Monday, January 11, 2010

On The (Yellow) Star

On a recent evening, shared with a few good friends over a few good bottles and some food, of course, one wine in particular raised not only my eyebrows but also an excellent question. "What is L'Étoile?" We were drinking a bottle of L'Étoile Savagnin from Domaine de Montbourgeau at the time, and it was my friend Bill who asked the question(s). He wasn't asking what it means — "L'Étoile" is French for "the star" — but rather, "Is that the AOC? Is it a place?" I answered in the affirmative to part one but realized that I couldn't quite explain, off the top of my head, the origins of or reasoning behind its name.
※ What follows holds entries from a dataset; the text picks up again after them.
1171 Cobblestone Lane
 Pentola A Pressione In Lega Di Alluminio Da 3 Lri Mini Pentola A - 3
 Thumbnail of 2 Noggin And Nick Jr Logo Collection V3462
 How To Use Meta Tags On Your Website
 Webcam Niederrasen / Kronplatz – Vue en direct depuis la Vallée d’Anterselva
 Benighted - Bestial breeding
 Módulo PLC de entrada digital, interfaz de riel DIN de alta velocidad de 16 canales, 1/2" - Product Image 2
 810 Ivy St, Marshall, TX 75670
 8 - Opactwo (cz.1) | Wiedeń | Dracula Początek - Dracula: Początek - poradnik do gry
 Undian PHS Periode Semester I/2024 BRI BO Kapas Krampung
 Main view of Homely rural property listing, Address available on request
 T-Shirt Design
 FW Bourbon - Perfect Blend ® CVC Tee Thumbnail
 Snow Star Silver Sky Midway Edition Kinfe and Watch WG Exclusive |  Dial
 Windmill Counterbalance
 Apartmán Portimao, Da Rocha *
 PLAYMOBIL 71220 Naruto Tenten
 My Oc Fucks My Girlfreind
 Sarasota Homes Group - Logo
A quick Google Maps search points to a town in France called L'Étoile that's located about 150 kilometers due north of Paris, very much not in the Jura, which is the region where AOC L'Étoile is located. As it turns out, though, there's another small town called L'Étoile in the heart of the Jura. While the AOC takes its name from this commune, "L'Étoile" also refers to two of the area's distinct regional characteristics: a series of five hills surrounding the village that, with the help of a little imagination, form the five arms of a star, and from the fossilized remains of invertebrate starfish ("crinoïdes" or "pentacrines") that are common to the soil in the vineyards of L'Étoile, situated on what were seabeds many millennia ago.

The AOC boundaries encompass roughly 75-80 hectares, about 50 hectares of which are under vine. Split that between 30 farmers and 26 different wineries (21 estates, 2 co-ops and 3 négociants) and you'll start to get a sense of at least one of the reasons that so little wine from L'Étoile reaches the US market. The AOC allows for the production of white wines only, primarily from Chardonnay and Savagnin, which respectively account for 90% and 10% of overall plantations, though small amounts of Ploussard (vinified as white wine) are also tolerated.

Now that we've done at least some justice to the questions, let's move on to the wine that raised them... and raised my eyebrows....

L'Étoile Savagnin, Domaine de Montbourgeau (Nicole Dériaux) 2002
$37. 13% alcohol. Cork. Importer: Rosenthal Wine Merchant, New York, NY.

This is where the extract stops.